One Glitch, Millions Offline: How Cloudflare Froze the Digital World

Cloudflare Glitch Disrupts Websites and Apps Worldwide; Groww, Upstox, Zerodha Go Down in India

The420 Correspondent
5 Min Read

New Delhi | December 5, 2025 | Friday morning brought chaos to the digital world when thousands of websites and mobile apps around the globe suddenly went offline. The disruption, caused by a major technical fault at Cloudflare, crippled key internet infrastructure, halting access to trading platforms, payment systems, and e-commerce websites for millions of users.

In India, the impact was most visible in the stock trading segment, where leading brokerage apps — Groww, Upstox, and Zerodha — went down for nearly 20 minutes, leaving traders unable to log in or execute market orders.

FCRF Launches Flagship Compliance Certification (GRCP) as India Faces a New Era of Digital Regulation

What caused the outage – Cloudflare’s global backbone collapses

Cloudflare Inc., a US-based internet infrastructure company, provides key services that keep most websites fast, secure, and reliable. Its technology powers a large share of global internet traffic through content delivery networks (CDNs), DDoS protection, web application firewalls (WAF), and DNS management systems.

When a user accesses a website, their request typically routes through one of Cloudflare’s 300+ global data centers before reaching the site’s original server. The system filters, caches, and encrypts web traffic — ensuring speed and safety.

However, a core network configuration error during an ongoing system upgrade disrupted this process, causing websites that depend on Cloudflare’s network to lose connectivity worldwide.

India hit hard – Trading apps freeze during market hours

In India, the outage struck at a critical time — during active market trading hours. Users of Groww, Upstox, and Zerodha began reporting login failures, frozen charts, and incomplete order executions across both mobile and web platforms.

Social media quickly flooded with complaints.
One trader wrote on X (formerly Twitter):

“Markets are moving fast, but our trading apps are down. This is a nightmare for intraday traders.”

Many retail investors expressed fear of potential losses as they couldn’t monitor open positions or exit volatile trades in time.

20-minute blackout: systems gradually restored

According to real-time outage trackers, the disruption lasted for about 20 minutes before Cloudflare’s emergency response teams restored services.

In a preliminary statement, Cloudflare acknowledged the issue, stating:

“A technical error occurred during a scheduled system upgrade, temporarily affecting our global services. Our teams identified the cause and restored normal operations on a fast-track basis.”

Within minutes, apps and websites began coming back online across Asia, Europe, and North America.
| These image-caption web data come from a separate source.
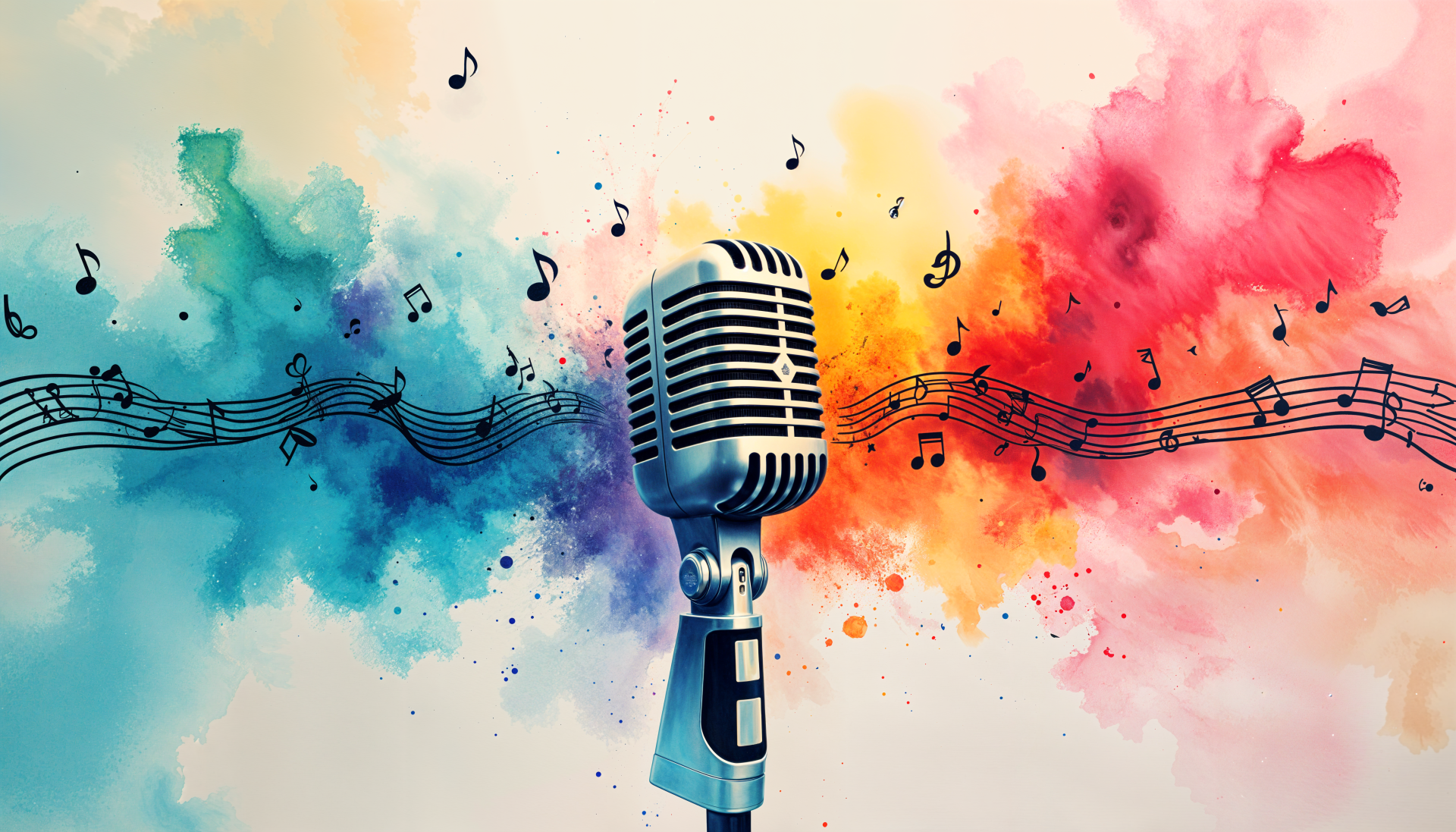 A vibrant 4K Ultra HD desktop wallpaper featuring a classic microphone at the center, surrounded by a splash of colorful paint and musical notes, creating an artistic musical ambiance.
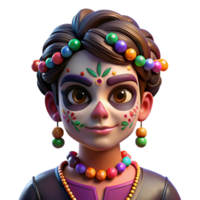 magnificent modern Portrait of a person with vibrant face paint inspired by Dia de los Muertos, lit by colorful string lights, in a folk art style high resolution png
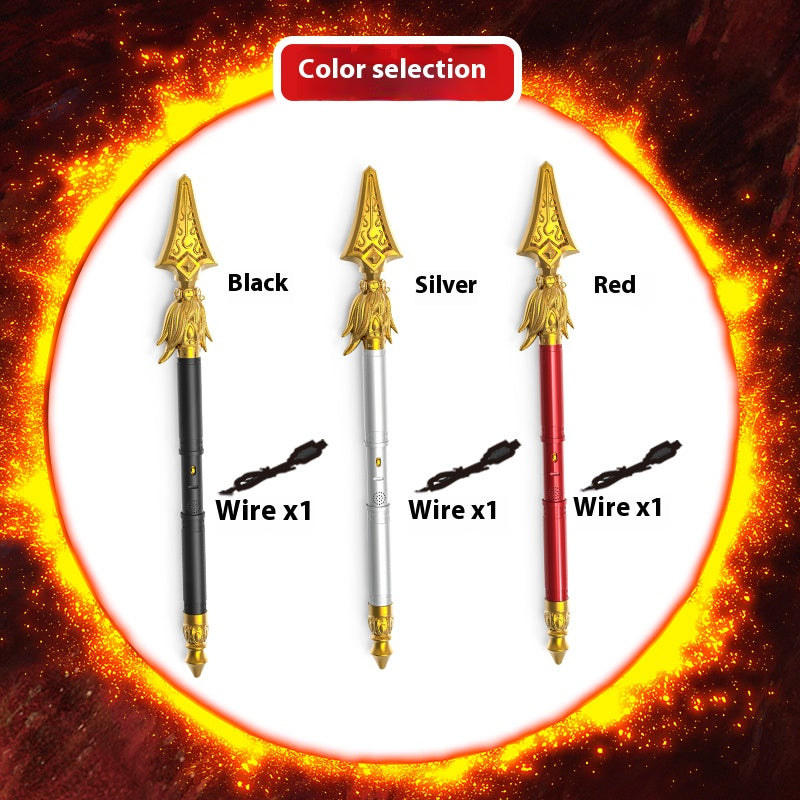 【Voice Control Version】Nezha's Fire-Tipped Spear Toy with a High-End Sense of Stretching for Children's Outdoor Parent-Child for Ages 3-6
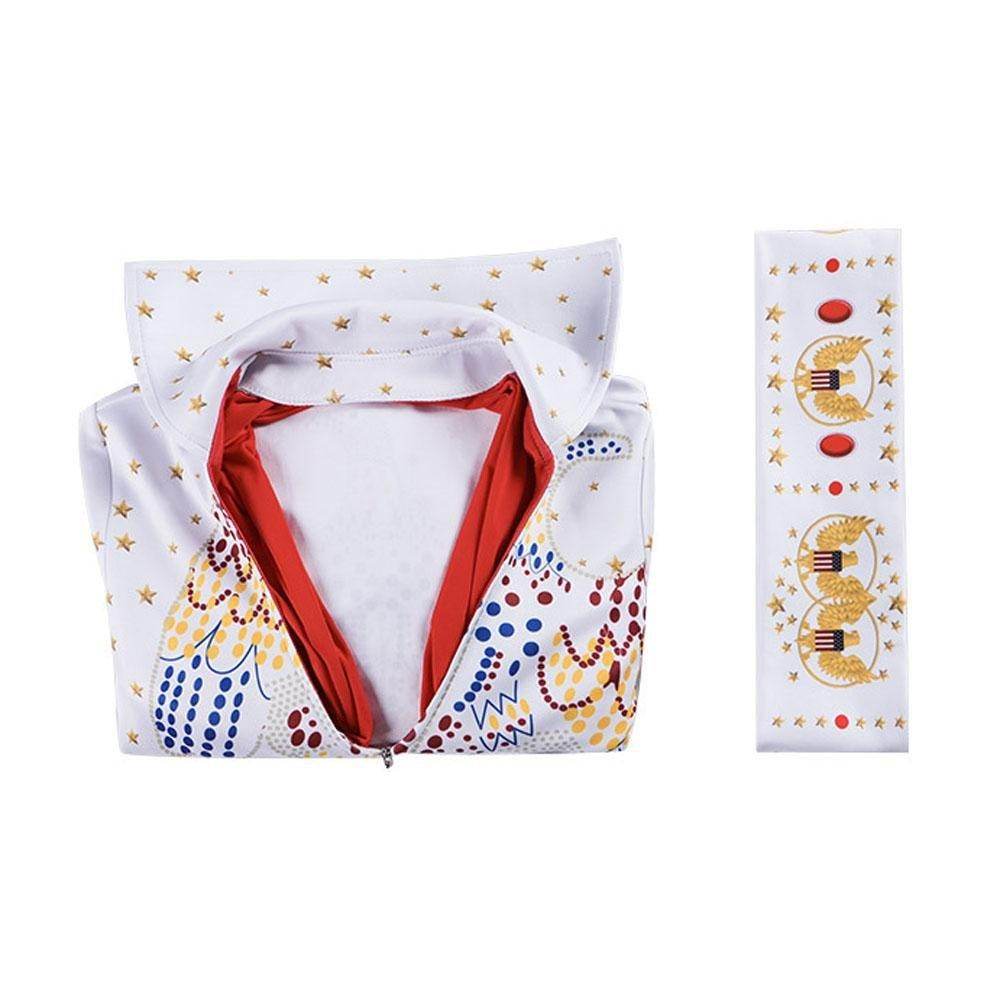 Elvis Presley Rock Singer Cosplay Costume for Halloween and Stage Performances Adult and Children - Ecosfun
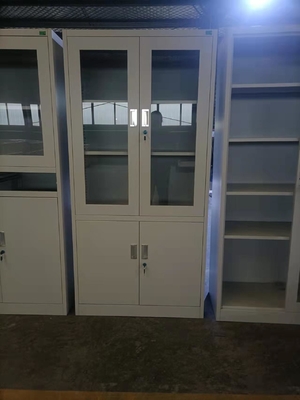 ประตูกระจกเหล็กแผ่นรีดเย็นตู้เก็บเอกสารการจัดเก็บเฟอร์นิเจอร์สำนักงาน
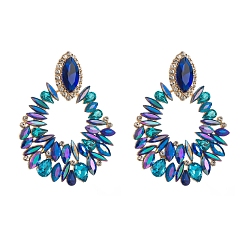 Sapphire Alloy Rhinestone Stud Earring, Teardrop, Sapphire, 65x50mm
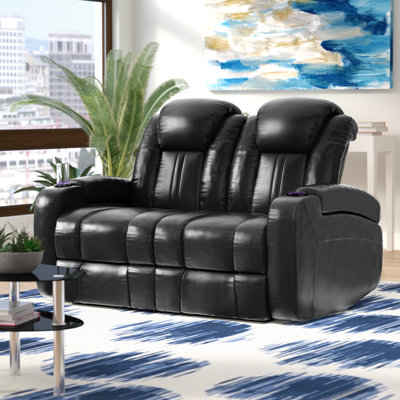 Aarthi 60'' Faux Leather Power Reclining Loveseat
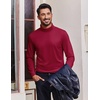 image:imageCOOFANDY Mens Turtleneck T Shirt Long Sleeve Pullover Sweater Slim Fit Lightweight Thermal Undershirt TopsWine Red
Not just India – Global impact across sectors

The outage had a worldwide ripple effect, disrupting social media networks, e-commerce platforms, payment gateways, gaming servers, and business tools.

According to reports, global websites like Reddit, Shopify, Binance, Twitch, and Discord also experienced temporary downtime.

The incident highlighted how deeply interconnected the global digital economy is — where a fault in one service provider can impact millions of businesses simultaneously.

Market reaction and trader concerns

The outage caused brief panic in financial markets, especially among day traders, who rely on real-time data and fast execution.

A Mumbai-based market analyst said:

“Such blackouts expose how fragile our dependence on third-party infrastructure is. Brokerages must invest in redundancy systems or offline trading protocols to ensure continuity.”

The DGCA-equivalent body for fintech regulation is expected to seek incident reports from affected firms to evaluate potential consumer impact.

Experts: ‘A reminder of digital dependency’

Cybersecurity experts say this episode underscores the vulnerability of the global digital backbone to single-point failures.

“A single server outage can paralyze the entire internet — that’s the reality of our interconnected systems,”
said a senior cyber policy researcher based in Singapore.

Cloudflare restores full operations

By late morning, Cloudflare confirmed all its systems were fully operational. The company said a forensic audit is underway to identify the root cause and implement safeguards to prevent a recurrence.

Trading platforms, meanwhile, resumed normal operations, though users and experts alike described the incident as a wake-up call for digital infrastructure resilience.